■ DATA SHOWN
——

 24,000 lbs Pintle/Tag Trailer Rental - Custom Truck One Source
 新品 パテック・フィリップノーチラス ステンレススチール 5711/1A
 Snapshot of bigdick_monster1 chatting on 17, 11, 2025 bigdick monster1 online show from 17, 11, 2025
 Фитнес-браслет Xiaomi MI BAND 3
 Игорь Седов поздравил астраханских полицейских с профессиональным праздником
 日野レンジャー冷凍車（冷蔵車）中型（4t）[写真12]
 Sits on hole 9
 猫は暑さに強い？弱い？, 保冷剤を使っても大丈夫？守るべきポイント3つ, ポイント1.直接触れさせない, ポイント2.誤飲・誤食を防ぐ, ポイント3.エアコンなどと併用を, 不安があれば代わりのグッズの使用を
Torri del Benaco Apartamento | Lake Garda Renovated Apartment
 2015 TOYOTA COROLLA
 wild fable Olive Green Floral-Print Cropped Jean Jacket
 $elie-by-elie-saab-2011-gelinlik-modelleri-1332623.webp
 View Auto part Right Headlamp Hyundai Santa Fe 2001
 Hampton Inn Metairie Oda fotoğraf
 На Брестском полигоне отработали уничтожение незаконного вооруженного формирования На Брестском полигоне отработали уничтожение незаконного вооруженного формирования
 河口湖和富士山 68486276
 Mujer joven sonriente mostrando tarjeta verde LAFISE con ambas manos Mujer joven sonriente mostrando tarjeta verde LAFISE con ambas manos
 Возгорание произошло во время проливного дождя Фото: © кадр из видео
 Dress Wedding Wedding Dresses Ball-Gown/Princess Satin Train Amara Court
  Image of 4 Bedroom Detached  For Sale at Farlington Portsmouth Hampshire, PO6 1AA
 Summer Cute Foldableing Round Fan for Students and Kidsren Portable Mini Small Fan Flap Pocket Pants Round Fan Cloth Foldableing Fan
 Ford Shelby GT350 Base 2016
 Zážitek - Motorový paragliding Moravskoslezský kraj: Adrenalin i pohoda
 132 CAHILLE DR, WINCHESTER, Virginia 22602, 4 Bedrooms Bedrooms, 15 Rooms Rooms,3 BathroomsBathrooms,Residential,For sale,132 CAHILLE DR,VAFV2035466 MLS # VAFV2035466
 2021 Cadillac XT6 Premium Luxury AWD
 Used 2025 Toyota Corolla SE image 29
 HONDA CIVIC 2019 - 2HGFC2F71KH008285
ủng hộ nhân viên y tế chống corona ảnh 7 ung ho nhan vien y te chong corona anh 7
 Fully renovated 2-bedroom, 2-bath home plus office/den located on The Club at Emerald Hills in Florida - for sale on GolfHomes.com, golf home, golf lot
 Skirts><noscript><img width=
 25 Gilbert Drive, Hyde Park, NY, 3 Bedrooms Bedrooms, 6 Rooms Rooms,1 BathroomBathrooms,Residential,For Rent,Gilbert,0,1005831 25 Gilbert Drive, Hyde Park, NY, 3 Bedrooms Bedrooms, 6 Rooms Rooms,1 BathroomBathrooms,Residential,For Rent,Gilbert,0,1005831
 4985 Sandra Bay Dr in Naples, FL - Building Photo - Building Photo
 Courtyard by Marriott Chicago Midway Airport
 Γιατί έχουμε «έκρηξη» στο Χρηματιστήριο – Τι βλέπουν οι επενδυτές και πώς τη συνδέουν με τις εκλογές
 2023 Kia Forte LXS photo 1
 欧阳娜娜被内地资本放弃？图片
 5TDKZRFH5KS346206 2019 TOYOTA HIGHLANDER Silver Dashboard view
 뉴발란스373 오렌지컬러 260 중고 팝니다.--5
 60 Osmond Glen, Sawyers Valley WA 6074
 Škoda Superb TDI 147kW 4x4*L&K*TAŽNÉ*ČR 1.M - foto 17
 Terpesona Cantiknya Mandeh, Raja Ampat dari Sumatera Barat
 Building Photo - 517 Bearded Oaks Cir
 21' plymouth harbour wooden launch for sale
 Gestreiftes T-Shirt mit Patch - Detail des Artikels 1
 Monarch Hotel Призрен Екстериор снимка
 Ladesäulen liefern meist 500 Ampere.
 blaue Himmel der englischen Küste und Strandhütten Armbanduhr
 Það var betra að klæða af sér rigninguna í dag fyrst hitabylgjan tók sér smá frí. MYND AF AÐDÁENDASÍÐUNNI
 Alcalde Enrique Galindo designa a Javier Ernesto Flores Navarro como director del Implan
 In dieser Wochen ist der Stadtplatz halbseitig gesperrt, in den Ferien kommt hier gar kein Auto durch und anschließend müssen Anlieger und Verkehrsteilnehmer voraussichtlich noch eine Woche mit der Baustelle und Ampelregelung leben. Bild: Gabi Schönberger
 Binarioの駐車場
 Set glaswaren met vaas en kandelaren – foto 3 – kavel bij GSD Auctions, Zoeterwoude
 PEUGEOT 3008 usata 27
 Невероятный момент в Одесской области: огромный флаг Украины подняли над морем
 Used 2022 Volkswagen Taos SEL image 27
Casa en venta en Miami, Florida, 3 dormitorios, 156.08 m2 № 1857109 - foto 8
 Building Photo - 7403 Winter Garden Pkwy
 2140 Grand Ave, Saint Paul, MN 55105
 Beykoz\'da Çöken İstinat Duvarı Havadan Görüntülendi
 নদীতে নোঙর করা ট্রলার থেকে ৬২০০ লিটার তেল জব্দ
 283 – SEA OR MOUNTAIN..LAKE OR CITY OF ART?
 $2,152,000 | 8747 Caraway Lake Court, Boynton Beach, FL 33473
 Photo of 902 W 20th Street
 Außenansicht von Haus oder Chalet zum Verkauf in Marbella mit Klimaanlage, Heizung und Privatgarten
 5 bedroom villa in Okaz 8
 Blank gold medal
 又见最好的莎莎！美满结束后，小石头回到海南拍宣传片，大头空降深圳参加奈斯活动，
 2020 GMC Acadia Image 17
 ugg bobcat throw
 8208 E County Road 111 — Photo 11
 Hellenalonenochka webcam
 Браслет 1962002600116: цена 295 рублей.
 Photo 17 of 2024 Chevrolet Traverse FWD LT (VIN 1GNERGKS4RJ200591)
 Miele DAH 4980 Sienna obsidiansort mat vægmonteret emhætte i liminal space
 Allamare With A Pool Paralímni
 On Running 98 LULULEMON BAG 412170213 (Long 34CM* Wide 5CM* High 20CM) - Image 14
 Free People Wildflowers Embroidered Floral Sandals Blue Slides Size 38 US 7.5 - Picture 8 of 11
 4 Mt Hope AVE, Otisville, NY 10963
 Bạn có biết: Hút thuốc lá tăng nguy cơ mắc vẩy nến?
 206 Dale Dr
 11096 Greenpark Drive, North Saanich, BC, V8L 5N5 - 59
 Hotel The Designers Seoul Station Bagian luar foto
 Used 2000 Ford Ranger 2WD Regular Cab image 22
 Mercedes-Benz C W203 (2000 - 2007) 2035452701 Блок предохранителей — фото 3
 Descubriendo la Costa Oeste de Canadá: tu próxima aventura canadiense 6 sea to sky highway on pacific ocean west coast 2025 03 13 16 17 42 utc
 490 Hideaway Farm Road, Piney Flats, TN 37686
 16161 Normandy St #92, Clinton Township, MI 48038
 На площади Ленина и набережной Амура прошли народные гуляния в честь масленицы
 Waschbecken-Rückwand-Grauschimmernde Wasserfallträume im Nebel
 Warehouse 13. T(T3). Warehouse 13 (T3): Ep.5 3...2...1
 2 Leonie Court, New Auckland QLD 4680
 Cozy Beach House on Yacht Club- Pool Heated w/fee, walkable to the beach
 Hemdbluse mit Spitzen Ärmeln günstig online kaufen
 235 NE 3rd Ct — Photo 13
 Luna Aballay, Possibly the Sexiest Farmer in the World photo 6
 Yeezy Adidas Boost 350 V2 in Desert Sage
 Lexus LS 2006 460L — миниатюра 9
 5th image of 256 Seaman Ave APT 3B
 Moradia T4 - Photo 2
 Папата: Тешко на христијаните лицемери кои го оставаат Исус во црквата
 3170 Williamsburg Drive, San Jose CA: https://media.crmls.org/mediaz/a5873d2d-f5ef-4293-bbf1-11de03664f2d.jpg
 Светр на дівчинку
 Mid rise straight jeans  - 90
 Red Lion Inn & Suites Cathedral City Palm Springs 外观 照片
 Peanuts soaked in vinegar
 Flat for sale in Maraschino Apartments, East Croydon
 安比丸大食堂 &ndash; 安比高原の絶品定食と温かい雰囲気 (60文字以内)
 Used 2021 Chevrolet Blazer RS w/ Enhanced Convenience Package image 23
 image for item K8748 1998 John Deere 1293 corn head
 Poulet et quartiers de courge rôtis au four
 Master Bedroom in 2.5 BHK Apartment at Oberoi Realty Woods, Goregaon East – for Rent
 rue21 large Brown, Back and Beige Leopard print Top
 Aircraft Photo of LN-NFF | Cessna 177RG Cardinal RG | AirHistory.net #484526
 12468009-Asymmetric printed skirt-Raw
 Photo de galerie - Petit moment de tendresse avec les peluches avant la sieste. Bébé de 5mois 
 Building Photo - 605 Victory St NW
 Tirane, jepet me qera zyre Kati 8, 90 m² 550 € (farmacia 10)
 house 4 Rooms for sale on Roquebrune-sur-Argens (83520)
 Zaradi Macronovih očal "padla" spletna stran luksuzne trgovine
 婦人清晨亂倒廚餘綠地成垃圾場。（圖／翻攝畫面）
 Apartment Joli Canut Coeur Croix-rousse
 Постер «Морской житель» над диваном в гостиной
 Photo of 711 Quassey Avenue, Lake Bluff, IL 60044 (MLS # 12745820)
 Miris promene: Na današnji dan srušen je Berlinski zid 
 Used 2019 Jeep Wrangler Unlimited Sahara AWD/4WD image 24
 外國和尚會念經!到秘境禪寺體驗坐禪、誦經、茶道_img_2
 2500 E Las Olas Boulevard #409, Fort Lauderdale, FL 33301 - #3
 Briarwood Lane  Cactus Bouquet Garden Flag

——

■ TASK ITEM
Check each line in the listing above for the string "Residential", then report how many lines contain it, with no other text.

■ SOLUTION FOR THIS EXERCISE
2